Chinese President Xi Jinping’s upcoming visit to Pyongyang is being parsed by UK diplomats as a move to reinforce Beijing’s leverage in the region, with energy security and strategic stability as the subtext. The visit, the first by Xi since 2019, occurs amid North Korea’s accelerated missile tests and deepening isolation. For the UK, which maintains diplomatic relations with Pyongyang but has no embassy there, the implications ripple beyond geopolitics into the broader calculus of climate and energy transitions.
North Korea, a country with abundant coal reserves but chronic energy shortages, presents a paradox. Its coal exports to China, once a vital source of foreign currency, were banned under UN sanctions in 2017. Yet satellite data reveals continued smuggling across the Tumen River. China, meanwhile, has shifted from being a net coal importer to a cautious consumer of its own vast deposits, but the North Korean coal loophole remains a persistent irritant for Western sanctions regimes. Xi’s visit may signal a soft reopening of trade lines, which could undermine global efforts to reduce coal dependency.

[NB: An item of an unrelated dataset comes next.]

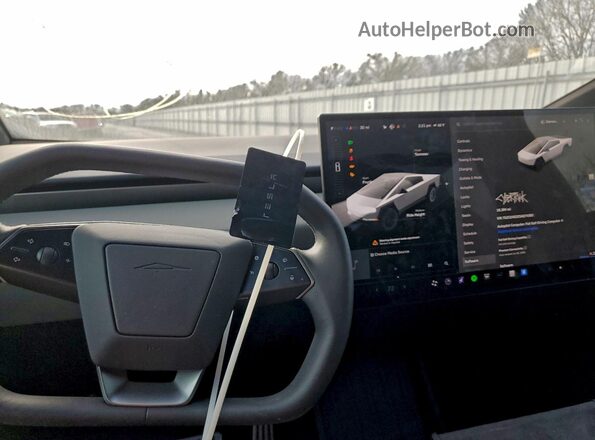 7G2CEHED2SA074365 2025 TESLA CYBERTRUCK Silver Dashboard view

From a climate perspective, North Korea’s energy diet is heavily reliant on coal and hydropower, the latter vulnerable to drought cycles linked to climate change. The country’s carbon intensity per unit of GDP is among the highest in the world, a factor rarely discussed in diplomatic briefings. China’s Belt and Road Initiative has extended into North Korea via the Rajin-Sonbong Economic Zone, where coal processing plants operate with Chinese investment. Any expansion of such projects would lock in fossil fuel infrastructure for decades, directly contradicting China’s 2060 carbon neutrality pledge.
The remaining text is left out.